The movie version of Mame has been described as ‘utterly ghastly in every way’ – at once an overstatement, and yet, rather befitting its epic thud at the box office; a final death knell to the big and bloated road show musical, received in a decade not generally known for its lithe and lyrical super entertainments. All could have been forgiven if Mame had not hailed from a superior stagecraft and pedigree, including a book by Jerome Lawrence and Robert Edwin Lee, and Saks, who also had directed the stage show with Lansbury and superb foil, Beatrice Arthur, as diva, Vera Charles. The movie sacrificed Lansbury, but kept Arthur, who would later jokingly, though rather fittingly, refer to it as ‘Maimed’. For film-land insurance, Saks also hired everyone’s favorite ‘Music Man’ - Robert Preston as the pivotal romantic interest, Beauregard Jackson Pickett Burnside. Preston’s warbling of the ballad, ‘Loving You’ (expressly written for the film and eloquently staged as a transitional piece) remains a highlight of the movie, as does the confrontational number, Bosom Buddies – a real showstopper on Broadway, in which Vera and Mame chide one another in semi-jest, clenched teeth and wicked little grimaces on full display. Tragically, Mame – the movie – is not just a wan ghost flower of that legendary Broadway show, but, by direct comparison, a grotesque bastardization of it.

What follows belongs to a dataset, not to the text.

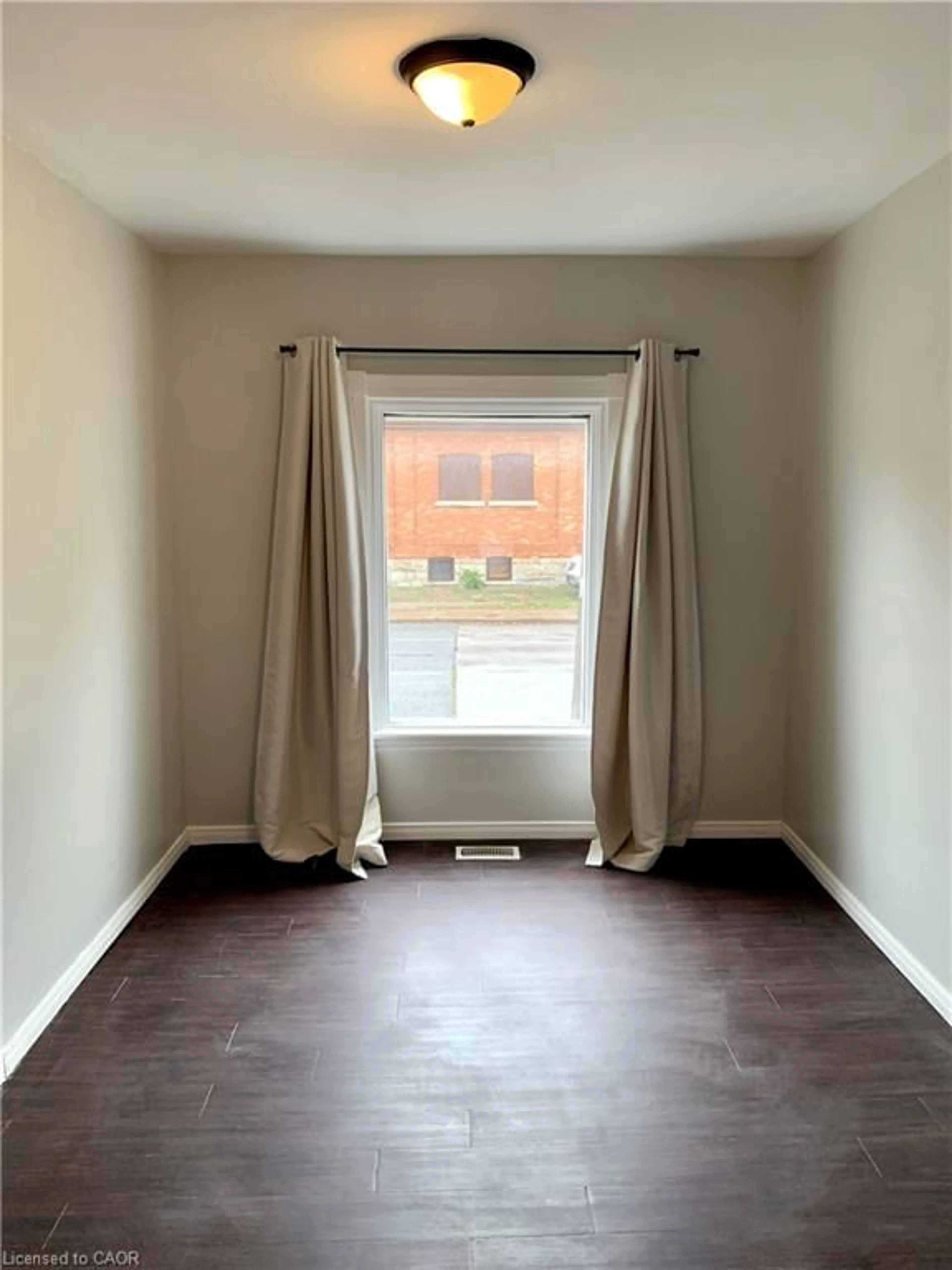 A pic of a room for 50 Sanford Ave, Hamilton Ontario L8M 2G6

And herein, the blame must remain with Ball, who looks ancient, even when photographed through heavy gauze by cinematographer, Philip H. Lathrop, and croaks the songs as though choking on a sack full of marbles, with a painful abandonment for fracturing each lyric.  Warner Bros. inexplicable passing on Lansbury (already a film star of considerable repute) was, in fact, in keeping with its misguided mid-sixties spate of Broadway to Hollywood hybrids. Virtually, all of the really ‘big’ musicals WB produced during this period were made without the participation of those titanic stage talents responsible for their rarefied iconography: Audrey Hepburn instead of Julie Andrews in My Fair Lady (1964), and, Richard Harris, Vanessa Redgrave and Franco Nero instead of Richard Burton, Julie Andrews and Robert Goulet in Camelot (1967). While one can argue, My Fair Lady actually benefited from Hepburn’s casting (as Audrey could always be counted upon to be ‘a lady’ – fair or otherwise) there is no denying the big screen adaptation of Camelot suffered immensely.  Mame, however, tops them all – and Lucy, having bullied her way into the role, never manages to dig herself out of it either. What is woefully absent herein is the frenetic energy of a daring and progressive madcap. I am reminded again of Rosalind Russell’s extraordinary incarnation of Mame Dennis in the earlier Warner Bros. super production; a joyous and devil-may-care screwball with genuine heart and a real soft spot for her orphaned nephew. The 58’ flick is still the greatest Mame of them all, minus songs, but with enough chutzpah and class to easily outclass Saks’ miserable efforts in ’74.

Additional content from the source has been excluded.